Abstract: Quantum metrology enables sensitivity to approach the limits set by fundamental physical laws. Even a single continuous mode offers enhanced precision, with the improvement scaling with its occupation number. Due to their high information capacity, continuous modes allow for the engineering of quantum non-Gaussian states, which not only improve metrological performance but can also be tailored to specific experimental platforms and conditions. Recent advancements in control over continuous platforms operating in the quantum regime have renewed interest in sensing weak forces, also coupling to massive macroscopic objects. In this work, we investigate a force-sensing scheme where a physical process completely randomizes the direction of the induced phase-space displacement, and the unknown force strength is inferred through excitation-number-resolving measurements.
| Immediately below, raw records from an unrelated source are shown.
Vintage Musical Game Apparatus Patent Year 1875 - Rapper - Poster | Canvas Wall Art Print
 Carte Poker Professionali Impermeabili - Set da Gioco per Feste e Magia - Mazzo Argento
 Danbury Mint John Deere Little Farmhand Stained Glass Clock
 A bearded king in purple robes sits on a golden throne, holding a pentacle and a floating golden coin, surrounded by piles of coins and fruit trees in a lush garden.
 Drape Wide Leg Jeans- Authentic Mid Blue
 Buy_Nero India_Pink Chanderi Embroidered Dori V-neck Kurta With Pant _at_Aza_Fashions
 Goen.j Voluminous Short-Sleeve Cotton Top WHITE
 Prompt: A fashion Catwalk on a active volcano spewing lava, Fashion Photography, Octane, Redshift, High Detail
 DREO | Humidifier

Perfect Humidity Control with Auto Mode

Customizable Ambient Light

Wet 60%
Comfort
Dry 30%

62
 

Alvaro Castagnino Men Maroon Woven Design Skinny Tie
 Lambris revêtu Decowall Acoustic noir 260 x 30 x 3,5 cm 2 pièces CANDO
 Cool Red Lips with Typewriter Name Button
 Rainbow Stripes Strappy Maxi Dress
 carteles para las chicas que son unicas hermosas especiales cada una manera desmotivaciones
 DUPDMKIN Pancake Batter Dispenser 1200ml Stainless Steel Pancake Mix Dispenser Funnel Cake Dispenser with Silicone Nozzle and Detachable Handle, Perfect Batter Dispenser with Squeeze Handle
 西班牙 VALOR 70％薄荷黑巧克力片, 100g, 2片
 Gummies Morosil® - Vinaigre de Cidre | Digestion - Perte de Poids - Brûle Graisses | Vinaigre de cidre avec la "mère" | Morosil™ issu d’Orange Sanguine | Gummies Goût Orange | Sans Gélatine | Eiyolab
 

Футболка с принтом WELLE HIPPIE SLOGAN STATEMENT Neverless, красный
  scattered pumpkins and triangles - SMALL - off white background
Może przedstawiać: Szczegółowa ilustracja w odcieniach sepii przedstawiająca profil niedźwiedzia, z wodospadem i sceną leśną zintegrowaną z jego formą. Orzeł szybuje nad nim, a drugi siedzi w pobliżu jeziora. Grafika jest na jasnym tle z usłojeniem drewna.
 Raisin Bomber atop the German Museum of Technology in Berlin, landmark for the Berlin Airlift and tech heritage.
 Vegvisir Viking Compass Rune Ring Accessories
We find that $N$-spaced states, where only every $N^{\text{th}}$ Fock state occupation is nonzero, approach the achievable sensing bound. Additionally, non-Gaussian states are shown to be more resilient against decoherence than their Gaussian counterparts with the same occupation number. While Fock states typically offer the best protection against decoherence, we uncover a transition in the metrological landscape -- revealed through a tailored decoherence-aware Fisher-information-based reward functional -- where experimental constraints favor a family of number-squeezed Schr\"odinger cat states. Specifically, by implementing quantum optimal control in a minimal spin-boson system, we identify these states as maximizing force sensitivity under lossy dynamics and finite system controllability. Our results provide a pathway for enhancing force sensing in a variety of continuous quantum systems, ranging from massive systems like mechanical oscillators to massless systems such as quantum light and microwave resonators.